In deference to his bad knee, Spock sat down and touched his controls.

“Captain to sickbay.”

“McCoy here.”

“Casualties?”

“Twenty-two so far. Mainly radiation burns, mostly from the ship’s outer areas. Could’ve been much, much worse, Captain.”

“Thank you, Doctor.”

Click—and most of the bridge lights came back on. Not all of them, and some that came on were red emergency maintenance lights instead of the regular lights of day work. But they certainly helped.

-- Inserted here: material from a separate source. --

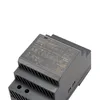 MEAN WELL HDR-60-15 Netzteil & Spannungsumwandler Produktbild-Vorschau 6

Other systems hummed to life too, evidence of an unseen but hardworking crew below decks.

Glancing around, Picard sympathized with the shaken crew and their young overburdened captain. And he was glad that McCoy had offered that little gift of telling Kirk things could be worse, after needling him that he should turn back and not face the Romulans down.

Sitting there in a leftover panel of shadow, Kirk tensely looked up at the starboard science console. “Report, Mr. Spock?”

Spock turned. “Nuclear device of some kind, sir. Our phasers detonated it fewer than one hundred meters away.”

“Ship damage?”

“Mainly overloads and circuit burnouts.”

Kirk tapped the controls on his chair arm. “Weapons status?”

“We’ve only the forward phaser room, Captain.